Poussés à leurs limites extrêmes, de tels textes à portée juridique et donc judicaires, pourraient conduire à des dérives.

Dans son préambule, la proposition PS consisterait à inscrire dans l’article 2 de la constitution l’alinéa suivant : « dans le respect des langues régionales qui font partie de notre patrimoine ».
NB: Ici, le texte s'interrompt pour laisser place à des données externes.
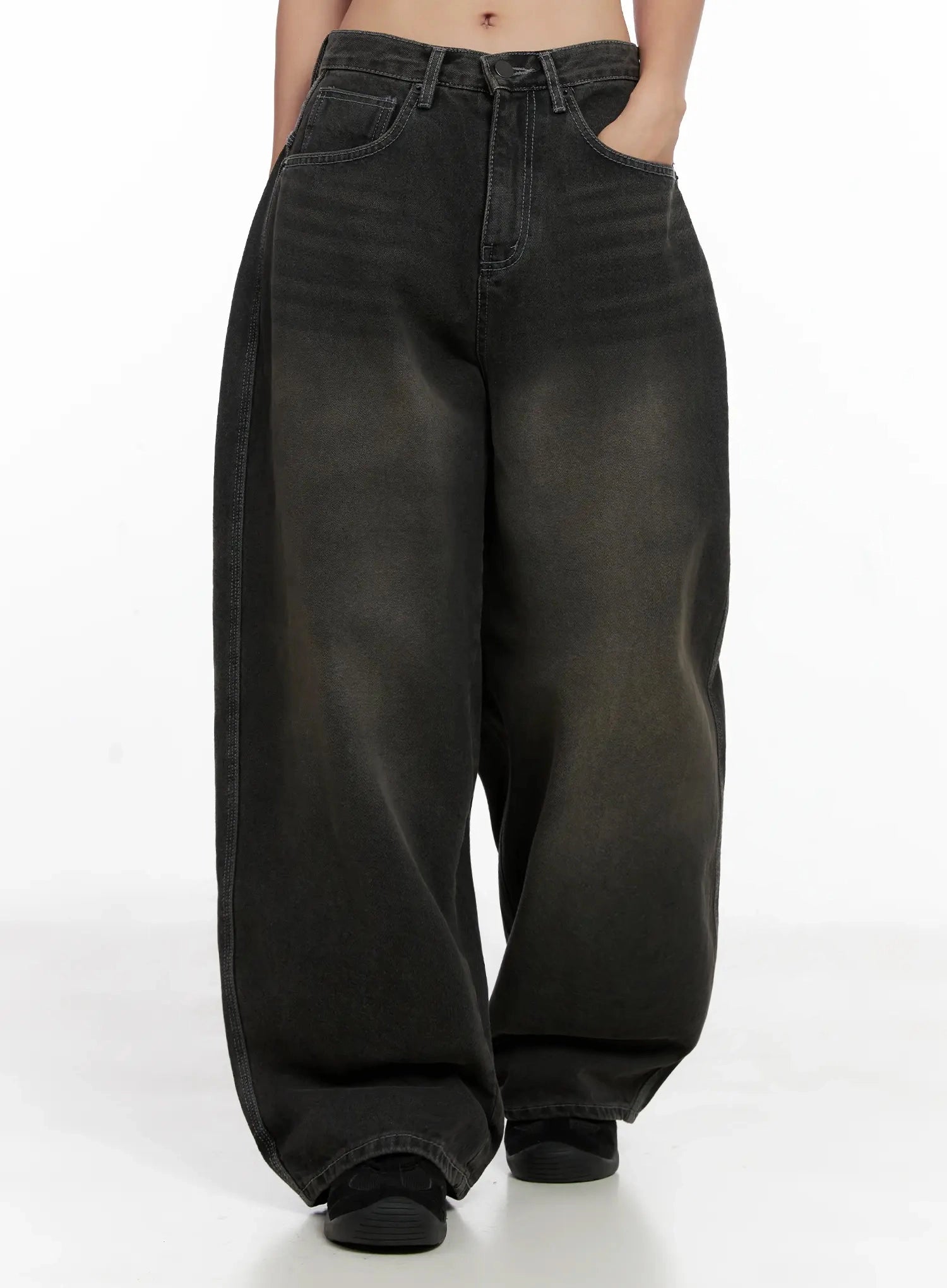 Hari Dark Washed Baggy Jeans IG527 in dark grey, front walking shot on model, extreme wide-leg baggy fit, faded wash with brown tonal gradient, high waist with front pockets, long hem at floor.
Les signataires PS expliquent : « Il ne s’agit en aucun cas d’une diversité “ethnique” qui nous renverrait bientôt à des considérations raciales que la morale républicaine réprouve et que la science réfute, mais à la diversité des origines et des cultures. Reconnaître cette diversité culturelle plutôt que de la nier nous paraît aujourd’hui le plus sûr moyen de préserver l’identité républicaine. Car seule la reconnaissance du multiple peut garantir notre unité. Seule la reconnaissance du multiple peut favoriser l’égalité. À condition toutefois qu’il ne s’agisse pas d’une reconnaissance de la diversité de groupes mais d’une prise de conscience des variétés culturelles propres à chaque citoyen. Si nous voulons être tous égaux, commençons par admettre que nous sommes aussi tous différents. »

Voilà une déclaration à laquelle on aurait du mal à ne pas souscrire. Mais ne s’agit-il pas d’un aveu en creux ? Car en l’évoquant pour l’exorciser les responsables PS identifient bien le danger. Comme ils le suggèrent, l’ethnisme pourrait être en embuscade.

Imaginons l’entrée en vigueur d’un texte, loi ou charte. Ces textes emporteraient un effet contraignant et un citoyen serait en droit d’exiger d’un fonctionnaire de la préfecture, d’une mairie, d’un policier, d’un commerçant, de tout le monde finalement, qu’il lui réponde en allemand et à porter plainte s’il n’obtient pas satisfaction. Tous les documents officiels seraient obligatoirement rédigés en allemand et en français. Les affiches publicitaires ou autres devraient être réalisées en bilingue français allemand.

L’Alsace d’aujurd’hui est-elle prête à se plier à cette « gendarmisation » autoritaire de l’expression publique?

Notre langue régionale, l’alsacien, ne sera pas sauvée par des lois mais par la volonté des locuteurs. Pratiquons l’alsacien toujours et partout, plutôt que d’en faire l’objet d’imprécations ou d’oraisons funèbres. Parlons le, manifestons, réalisons des fêtes en l’honneur de l’alsacien et nous progresserons.

N’oublions pas un autre élément important. Les choses évoluant avec la vie ne faudrait-il pas parler aujourd’hui « des bilinguismes » ? Que cela plaise ou non, l’arabe de même que le turc sont présents chez nous…Ils sont enseignés dans nos établissements. Et que dire de l’anglais ? Ces locuteurs pourraient-ils eux aussi exiger une loi ?

            Je reste convaincu que c’est par un développement consenti et accepté par tous qu’une langue peut gagner les cœurs et les esprits plutôt que par la coercition.

            Alors certes il faut une volonté politique et nous avons besoin de vrais moyens en faveur de l’enseignement des langues et sur ce plan, il est vrai, l’Etat doit agir.